Isisflaggor och siluetten av en man vid en dator. Illustration/foto: Nick Näslund/Sveriges Radio
Die Terrormiliz "Islamischer Staat" wirbt eifrig übers Internet - auch in Schweden mit einigem Erfolg (Foto/illustration: Nick Näslund/Sveriges Radio)

Noch mehr Dschihadisten aus Schweden

"Die Zahl der Kampfbereiten hat zugenommen"
3:27 min

Die Zahl der schwedischen Dschihadisten, die sich der Terrormiliz „Islamischer Staat“ im Irak und in Syrien anschließen, ist erneut gestiegen. Laut schwedischem Staatsschutz Säpo weiß man inzwischen von 100 Personen. Die Dunkelziffer liegt allerdings weit darüber.

Das Beunruhigende ist Säpo-Chef Anders Thornberg zufolge, dass die Zahl der zum islamistischen Terror bereiten schwedischen Staatsbürger so schnell steigt. Im Schwedischen Rundfunk erklärte er am Wochenende: „Erst vor einer Woche wurden 92 Personen bestätigt, die von Schweden nach Syrien und in den Irak aufgebrochen sind, um dort auf der Seite der Islamisten zu kämpfen. Nun wissen wir schon von 100.“ 

Was geschieht nach der Rückkehr? 

Bei 150 weiteren Personen ist derzeit noch unbestätigt, was das Ziel ihrer Reise in die Krisengebiete ist.

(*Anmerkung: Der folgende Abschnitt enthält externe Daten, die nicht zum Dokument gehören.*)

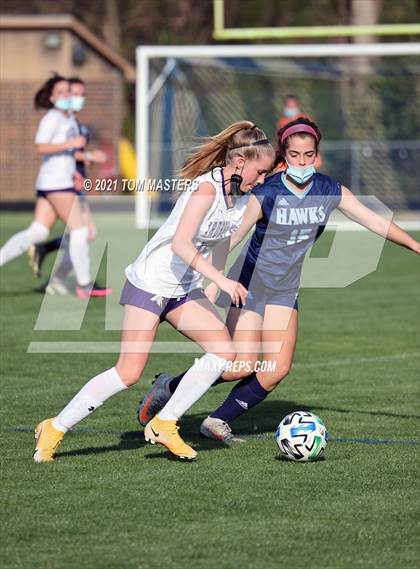 Thumbnail 2 in Ardrey Kell @ Charlotte Latin photogallery.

Laut Staatsschutz geht es insgesamt um bis zu 300 potenzielle Täter, die man im Auge behalten muss. 

„Wir müssen eine Bereitschaft dafür haben, wenn sie zurückkommen, und müssen wissen, welche Absichten und welche Kompetenz sie dann haben.“ 

Die Überwachung der im Terror geschulten Rückkehrer und ihrer möglichen Pläne, auch in Schweden aktiv zu werden, betreibe die Säpo „nach bestem Wissen“, betont Anders Thornberg. Viele der Dschihad-Kämpfer seien traumatisiert von ihren Erlebnissen. Welche Folgen dies für ihr Leben zurück in Schweden hat, scheint schwer abschätzbar. 

Reden über die Verlockung 

Derzeit arbeitet die Regierung an einem Gesetzesentwurf, wonach die Teilnahme an terroristischen Kämpfen und Trainingscamps unter Strafe gestellt werden soll. Bis dieser Entwurf im kommenden Jahr vorgestellt wird, läuft die vorbeugende Arbeit anderorts schon auf vollen Touren. 

Noch von der bürgerlichen Vorgängerregierung eingesetzt, leitet die bekannte Sozialdemokratin Mona Sahlin die Bemühungen, dem gewaltbereiten Extremismus rechtzeitig entgegenzuwirken. Immer mehr Menschen würden sich trauen, offen über den Islamismus zu sprechen, sagt Sahlin im Schwedischen Rundfunk. Dass die islamistische Terrormiliz offenbar schnell und erfolgreich rekrutiert, beobachtet auch sie. 

„Die Zahl der Kampfbereiten hat ganz klar zugenommen. Viele reisten vor einigen Monaten noch aus humanitären Gründen. Heute wollen sie sich aktiv an den Kämpfen beteiligen. Wie viele Menschen wir von ihrer Reise in den Dschihad abhalten konnten, vermag ich aber nicht zu sagen.“ 

Täter bestrafen,  Aussteigern helfen 

Vor allem sei wichtig herauszufinden, wer sich warum vom gewaltbereiten Extremismus angesprochen fühlt. Keine leichte Aufgabe, weil die Gruppe sehr heterogen sei, meint Sahlin. 

„Jedes Individuum hat seine ganz eigene Geschichte, die wirklich alles enthalten kann: religiösen Fanatismus, politische Radikalisierung, gesellschaftliche Ausgrenzung, aber auch Irreführung. Ich weiß zum Beispiel von Mädchen, die regelrecht hinters Licht geführt worden oder sogar verkauft worden sind. Die müssen wir zurückholen, denn mit jedem Einzelschicksal ist so viel Scham und Schuld verbunden, das betrifft Jungen und Männer genauso wie Mädchen und Frauen.“ 

Wer sich im Namen des Terrors an Verbrechen gegen die Menschlichkeit beteilige, müsse selbstverständlich vor ein Gericht gestellt werden, betont Sahlin. Doch wer dem selbst ernannten „Islamischen Staat“ und seinem brutalen Extremismus den Rücken kehren will, bevor man sich selbst strafbar gemacht hat, dem müsse der Weg zurück offen stehen.